If you’ve made the decision to trim your dog’s nails at home but you’re a little nervous to do it for the first time, don’t worry, we’ve got some simple tips that can make trimming your dog’s nail from home easier on the both of you.
A good rule of thumb for knowing when a dog needs its nails trimmed is when you hear them hitting the floor.
Long nails can do more harm than good like getting snagged on the carpet, collecting snow and debris and it can even affect the joints in your dog’s paws and legs because it alters the way that they walk.
Long nails can also cause a dog to slip on floors and ice because they can’t get the traction that they need.
Make Nail Trimming a Positive Experience For Your Dog
First, we want to make sure that trimming your dog’s nails at home is a positive experience for them.
This is a step that is often overlooked by many people but it’s one of the most important parts of trimming dog nails.
Let’s keep in mind that if you normally take your dog to a groomer to have their nails trimmed or if the vet does it, this is a totally different experience for your dog.
They are in an unfamiliar setting so their reaction will be different than if they’re having their nails trimmed at home.
We want your dog to be used to having their paws touched in their own home so start playing or touching their paws as soon as you can and reward them each time that they let you do it.
Next, you’ll introduce the nail clippers to your dog.
You’re not going to actually trim the nails but just show your dog the trimmers and reward.
Next, you’ll touch the nail clippers to their paws and reward them.
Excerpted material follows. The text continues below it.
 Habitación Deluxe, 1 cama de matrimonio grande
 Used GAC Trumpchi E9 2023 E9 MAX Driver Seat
Lastly, you’ll want to make sure that the environment is something that your dog is comfortable with but not too comfortable with.
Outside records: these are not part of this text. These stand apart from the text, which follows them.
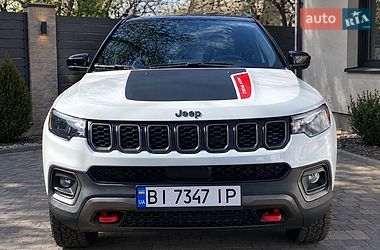 Внедорожник / Кроссовер Jeep Compass 2024 в Киеве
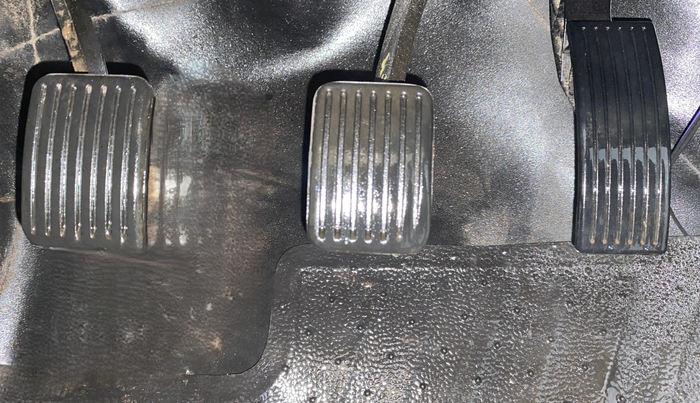 2020 Hyundai NEW SANTRO MAGNA CNG, CNG, Manual, 45,832 km, Pedals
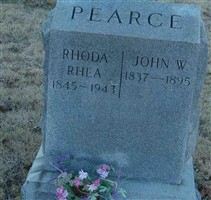 John W. Pearce John W. Pearce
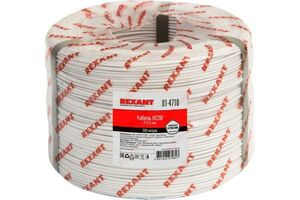 REXANT Кабель КСПВ 2x0,5 мм 01-471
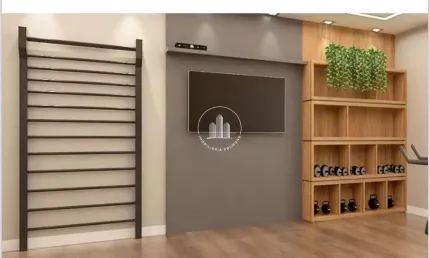 Apartamento com 3 quartos à venda na João Dário De Souza, 1, Centro, Palhoça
For instance, you don’t want to invade their nap time by trimming their nails in their dog bed.
These steps should be done over several days or weeks, not on the same day you plan to trim your dog’s nails.
When you start trimming his nails for the first time, do it slowly.
Trim just one nail a day, barely cutting off the end.
Your goal is to get all nails even with the corresponding paw pad and then keep them that way with regular trims.
Trim every two weeks to maintain the optimal nail length.
The more you trim overgrown nails, the more the blood vessels will retreat back into the claw.
Prepare The Paws
A step that’s often overlooked when trimming dog nails is to actually take some time to prepare your dog’s paws.
If you have a dog that has long hair, you’ll want to make sure that the hair on the paws is neatly trimmed so that you can see their nails better.
If you’re trimming your dog’s nails after a bath, do it while their paws are wet.
Wet nails are softer and easier to trim than dry nails and if you didn’t trim your dog’s hair, you can easily move it.
Also, make sure to check for any cracked nails before you start trimming.